Notes from the brilliant book, Deep learning with R, which you can buy -> https://www.manning.com/books/deep-learning-with-r
Deep learning is a specific subfield of machine learning, which has an emphasis on learning successive layers of increasingly meaningful representations; the deep aspect refers to this idea of successive layers of representations. The number of layers that contribute to a model of the data is called the depth of the model.
To understand and define deep learning, we first need an idea of what machine-learning algorithms do.
- A concise definition of artificial intelligence would be: the effort to automate intellectual tasks normally performed by humans.
- Machine learning arises from this question: could a computer go beyond "what we know how to order it to perform" and learn on its own how to perform a specified task?
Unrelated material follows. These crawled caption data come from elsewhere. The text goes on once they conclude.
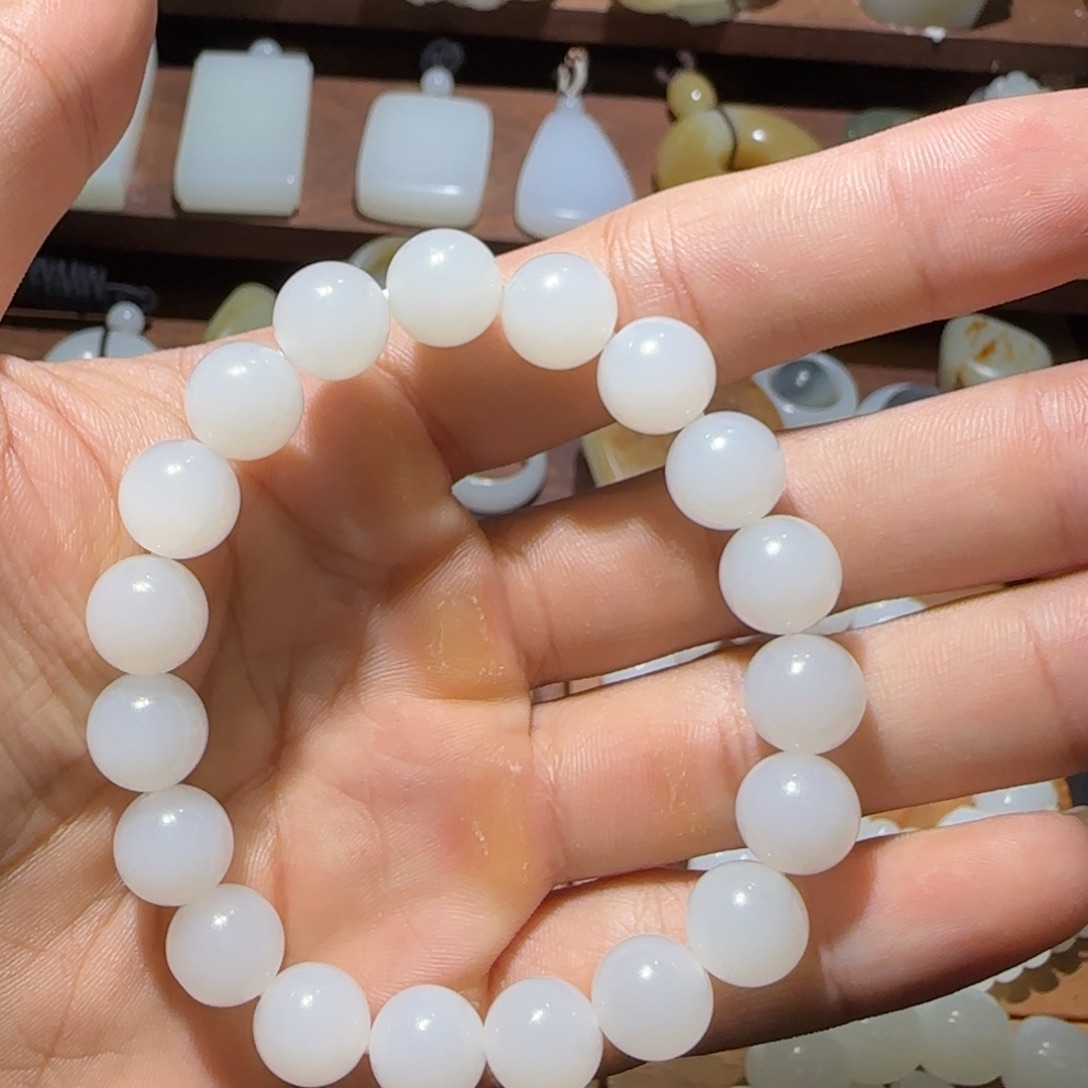 王***炸和田玉未镶嵌手链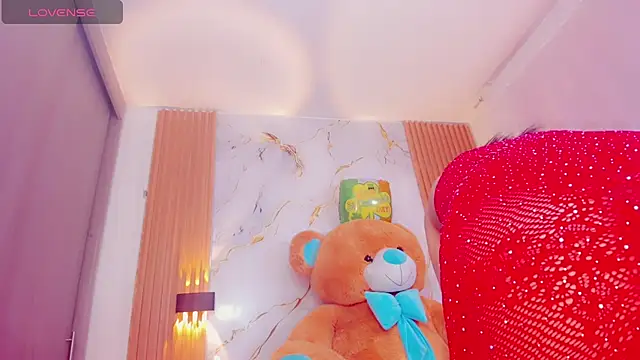 ValeriCardenas online show from 03/16/25, 02:44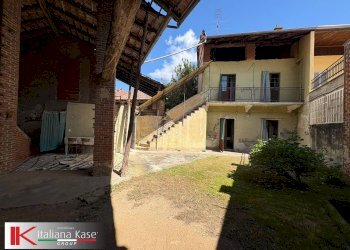 Foto 1 - Casa semi indipendente vicolo broglio
 
2, Barone Canavese - foto 1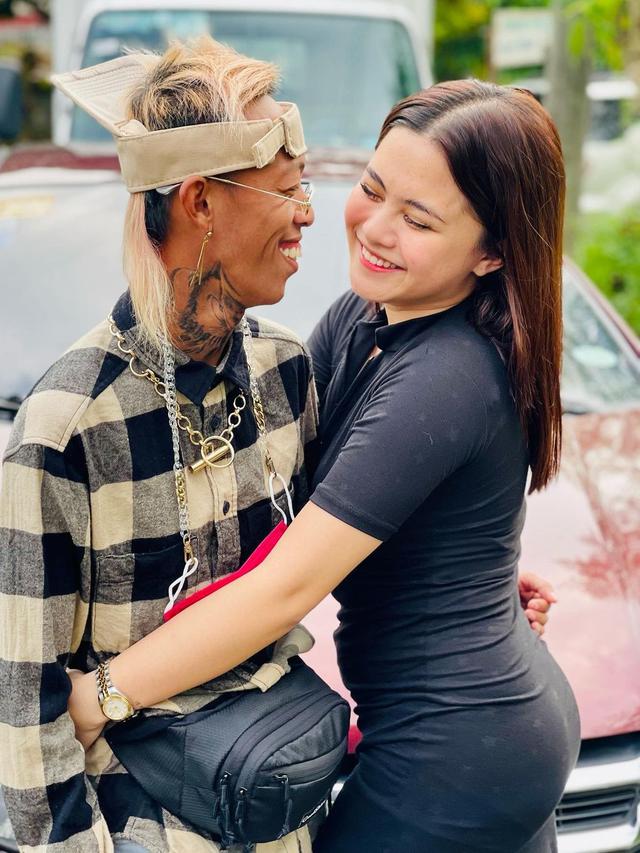 7 Potret Whamos Cruz dengan Kekasih Baru, Sempat Jadi Sorotan Netizen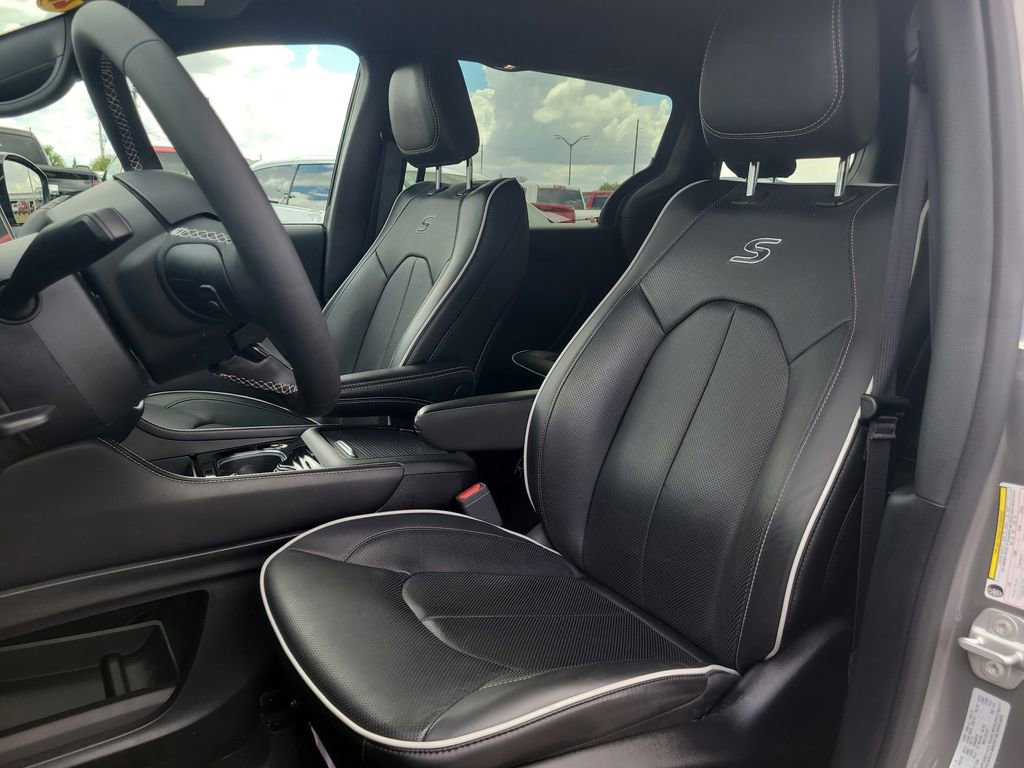 Used 2025 Chrysler Pacifica Premium image 18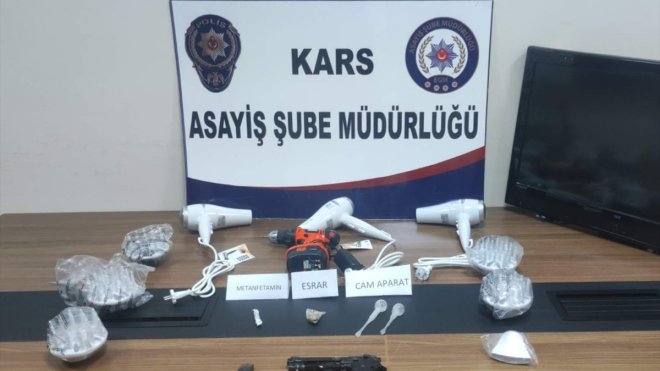 Kars'ta aranan 3 firari hükümlü silahla yakalandı
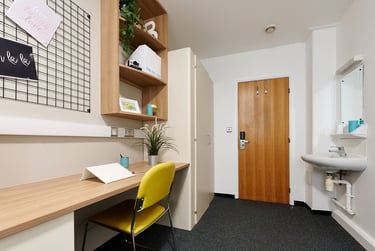 Classic Shared Apartment at Northernhay House, Northernhay Place, Central, Exeter, EX43RY - Image 5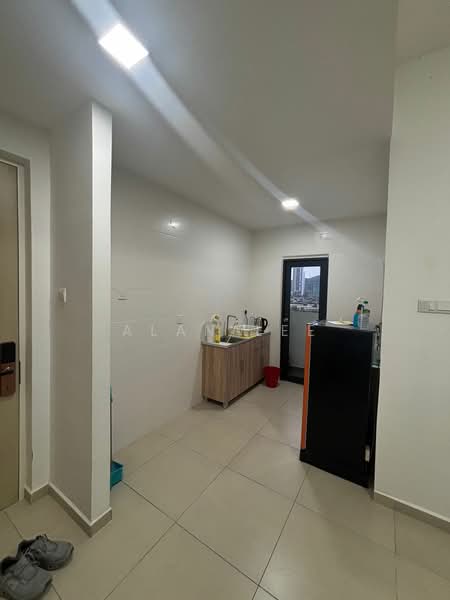 Service Residence for Sale at Reizz Residence - Alan Lee - Kitchen - PropertyGuru.com.my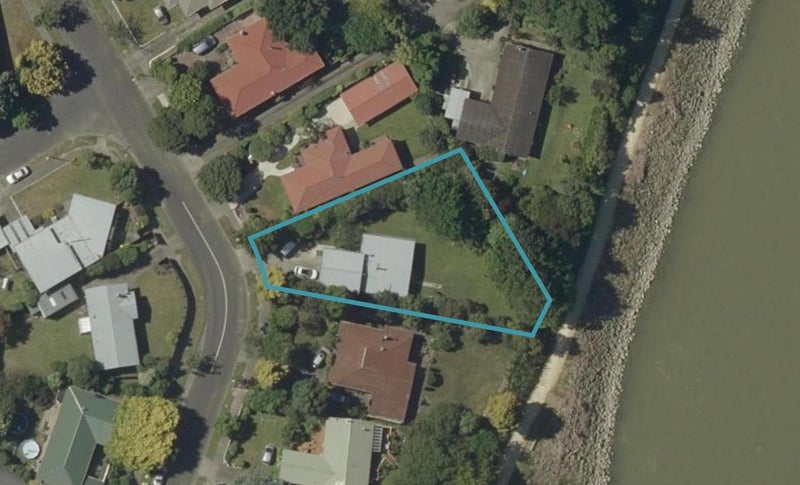 130 Buick Crescent, Awapuni, Palmerston North - Carousel 1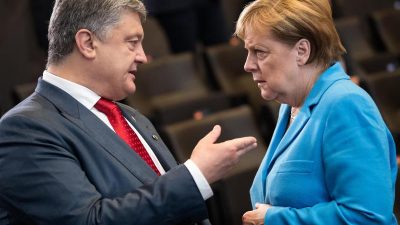 Kurz vor Stichwahl: Merkel und ukrainischer Präsident Poroschenko treten vor die Presse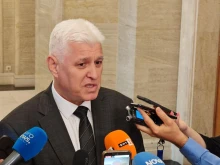Министър Стоянов: Няма да назова имената на политиците, които подпомагат иранската хибридна атака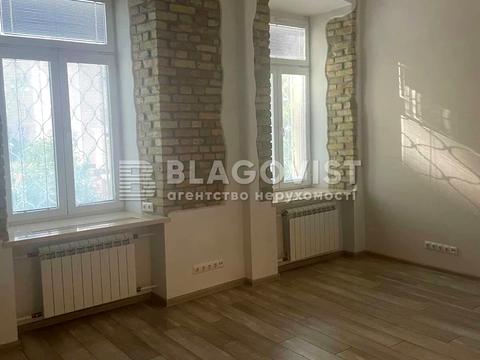 комерційна за адресою Крутий узвіз, 5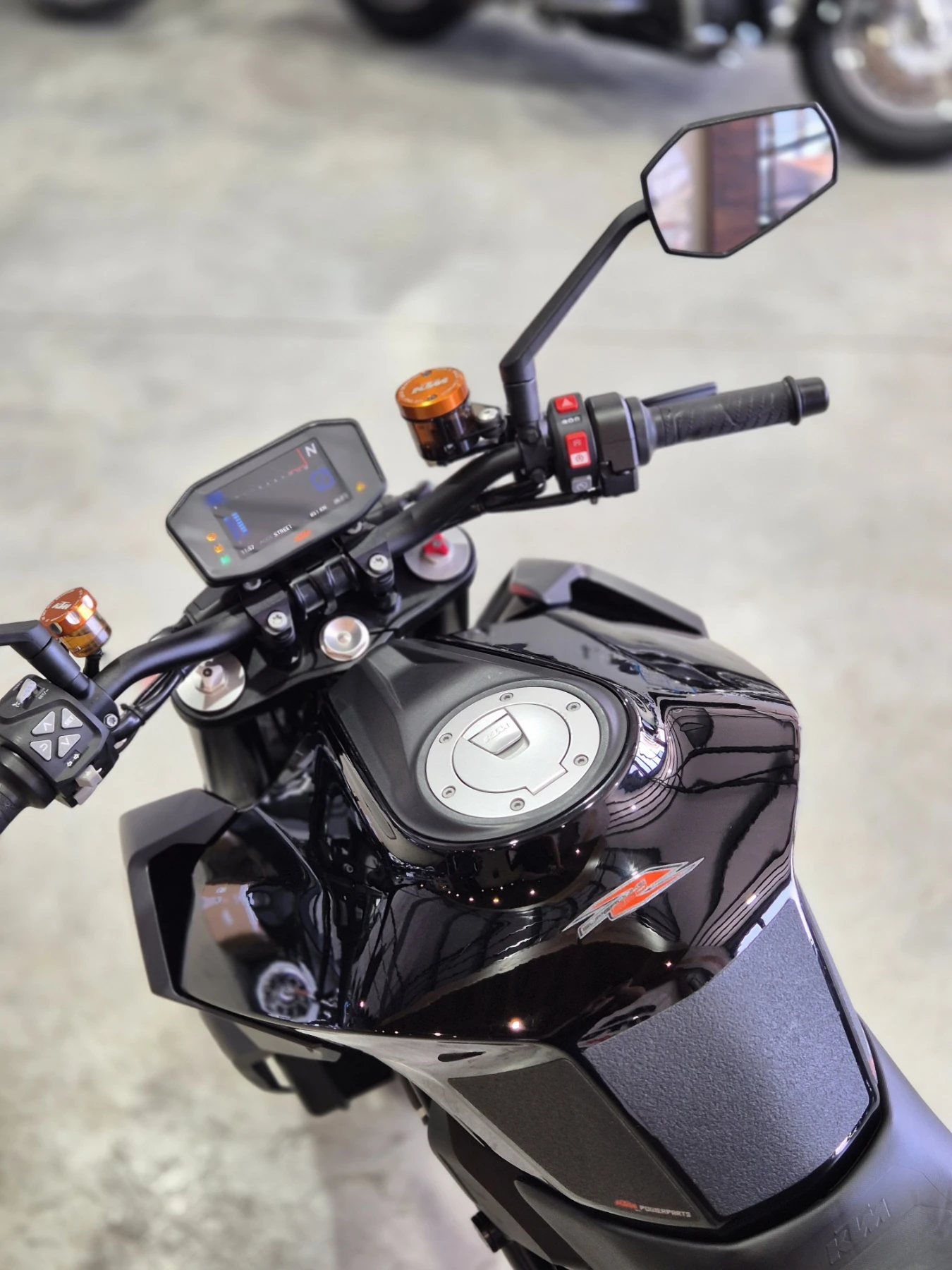 Ktm Super Duke 1290R ABS TC Нов внос от ШВЕЙЦАРИЯ!, снимка 15 - Мотоциклети и мототехника - 55886661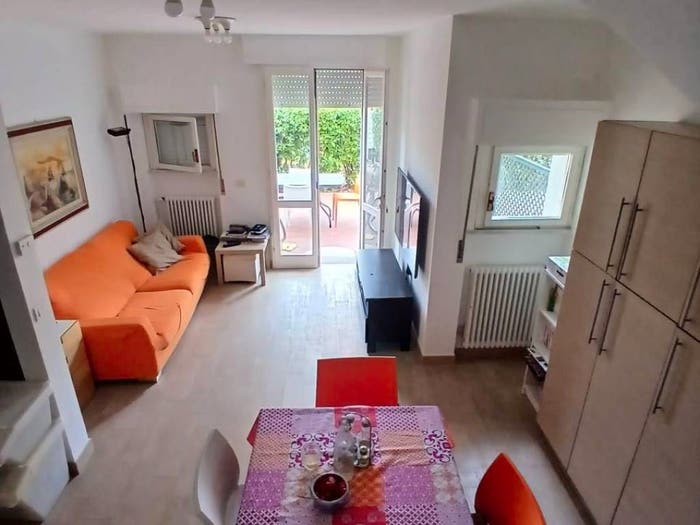 Casa con 6 locali in vendita in Via Stradella, Ronchi Poveromo, Massa
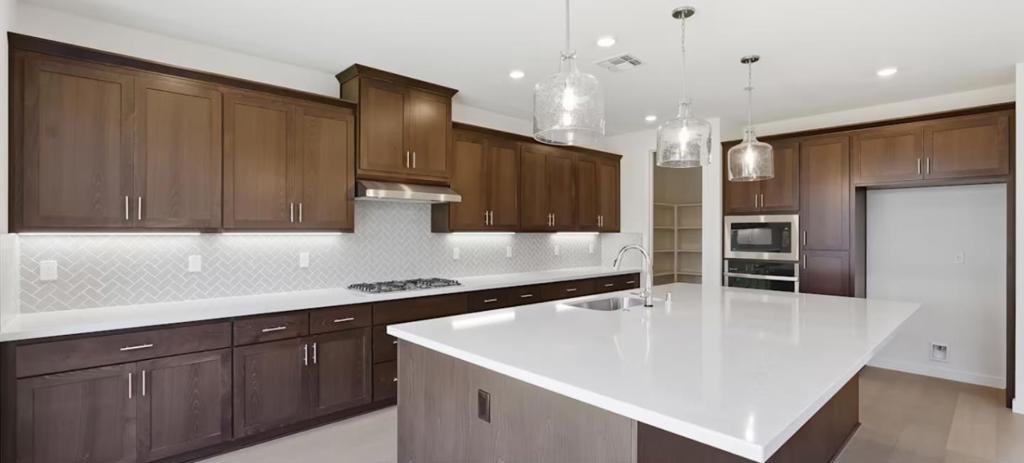2555 Lavender Place Property Photo 15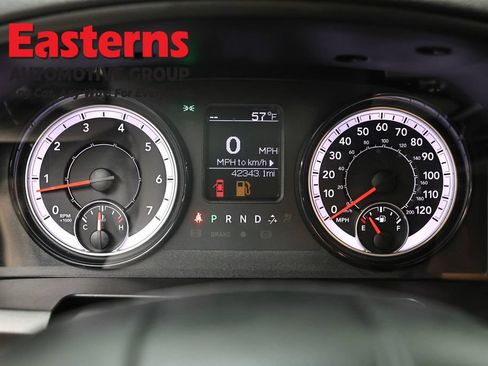 Used 2024 RAM 1500 Classic SLT AWD/4WD image 17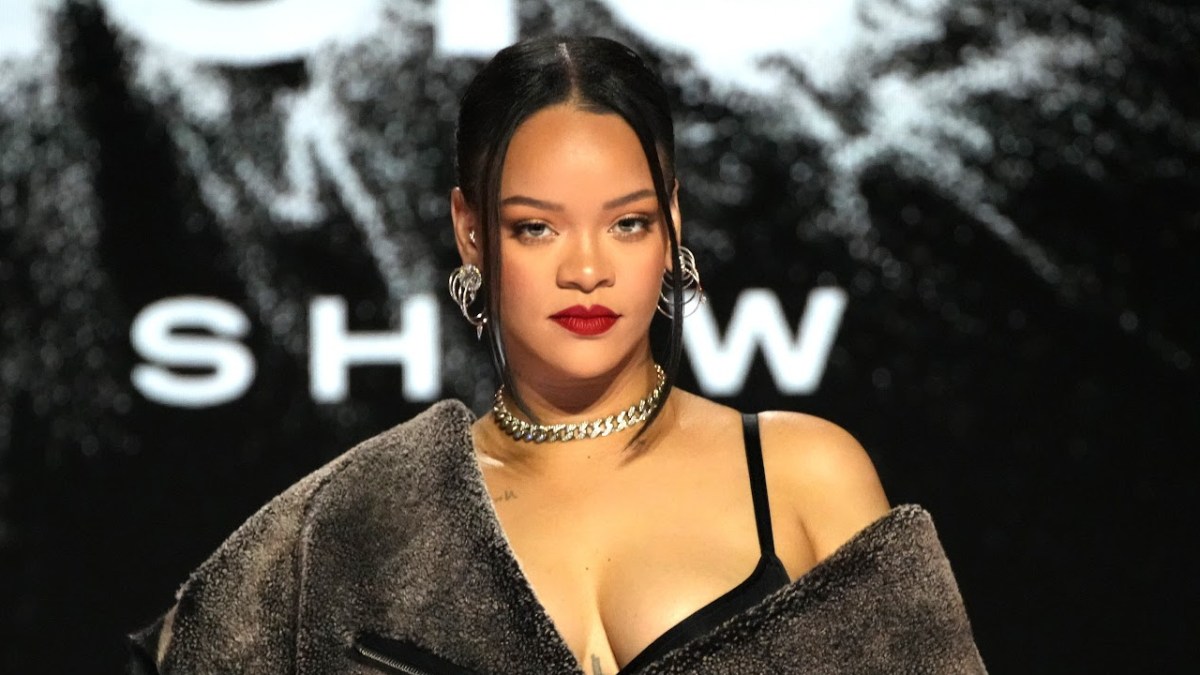 Rihanna's Booty-Rubbing Body Cream Video Turns Internet Into Horny Mess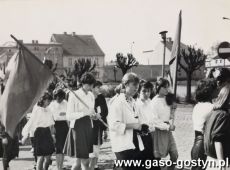 2639.Grono pedagogiczne i mlodziez Liceum Ogolnoksztalcacego w pochodzie 1-majowym (Gostyn, 1 maja 1987 r.)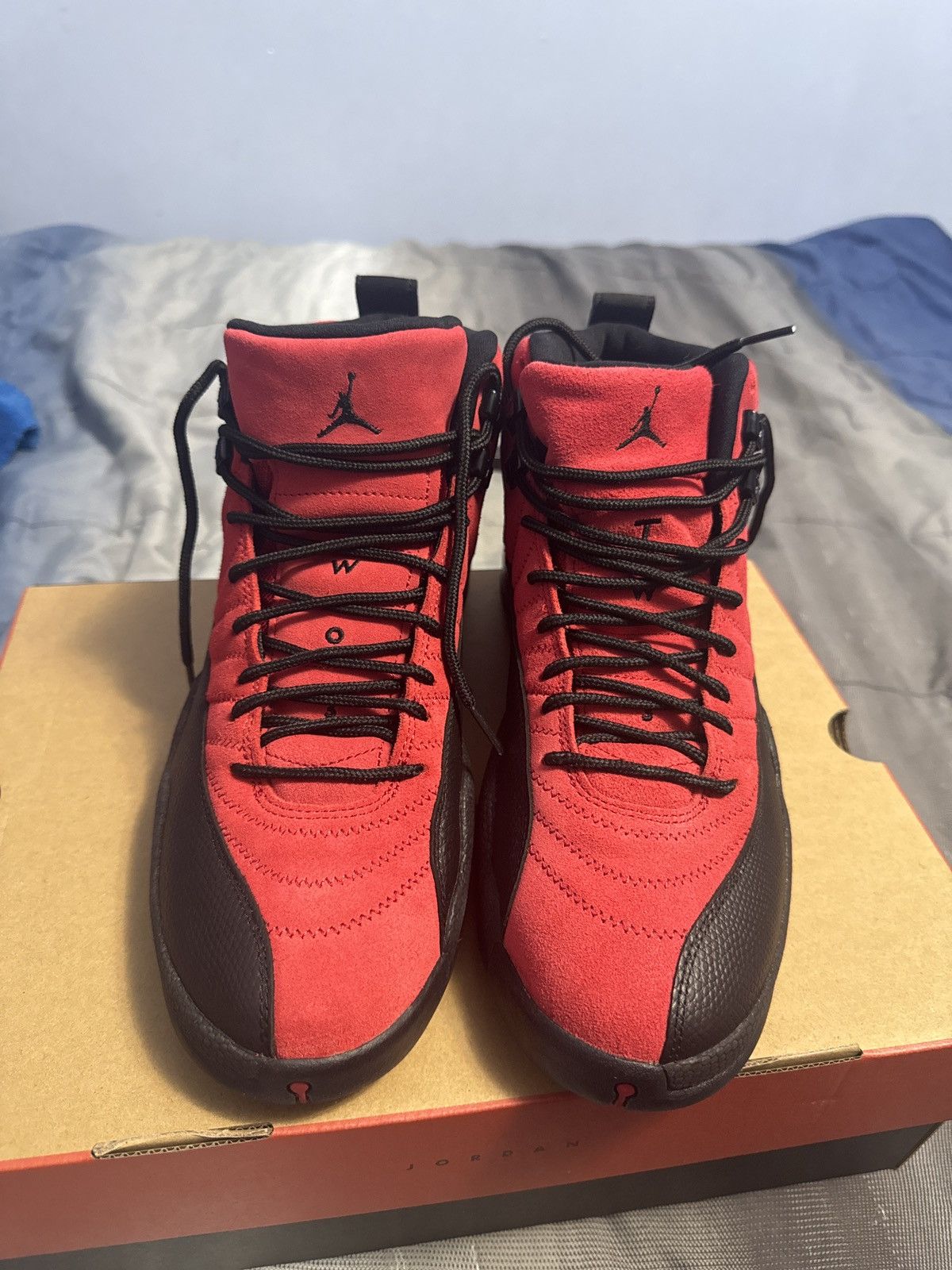 Jordan Brand Retro 12 reverse flu games Size US 10.5 / EU 43-44 - 3 Thumbnail
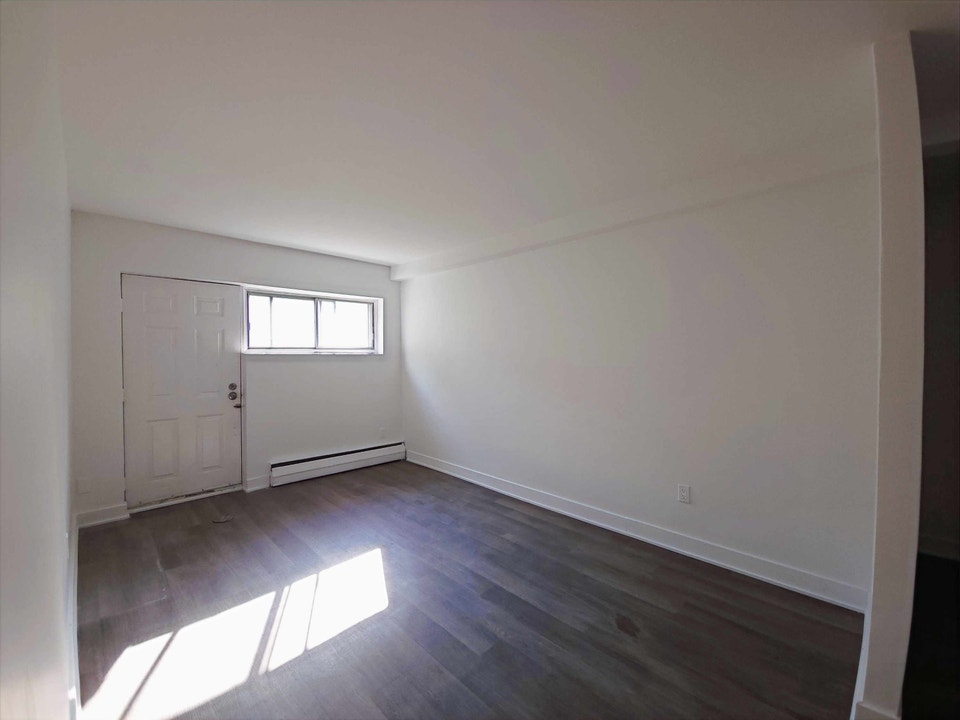 APPARTEMENT 4 1/2 À MONTRÉAL - RÉNOVÉ, CHAUFFÉ 3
- To perform machine learning, we need:
- Input data points
- Examples of the expected output
- A way to measure whether the algorithm is doing a good job; this measurement is used as a feedback signal to adjust the way the algorithm works, i.e. learning
Therefore, the central problem in machine learning and deep learning is to meaningfully transform data; in other words, to learn useful representations of the input data at hand - representations that get us closer to the expected output.
All machine-learning algorithms consist of automatically finding such transformations that turn data into more useful representations for a given task. These operations can be coordinate changes, or linear projections (which may destroy information), translations, nonlinear operations, etc.
The primary reason deep learning took off so quickly is that it offered better performance on many problems. In addition, it makes problem-solving much easier because it completely automates feature engineering.
- Feature engineering is the process of using domain knowledge of the data to create features that make machine learning algorithms work. Feature engineering is fundamental to the application of machine learning, and is both difficult and expensive. The need for manual feature engineering can be obviated by automated feature learning. https://en.wikipedia.org/wiki/Feature_engineering
In deep learning, these layered representations are almost always learning via models called neural networks, structured in literal layers stacked one after the other.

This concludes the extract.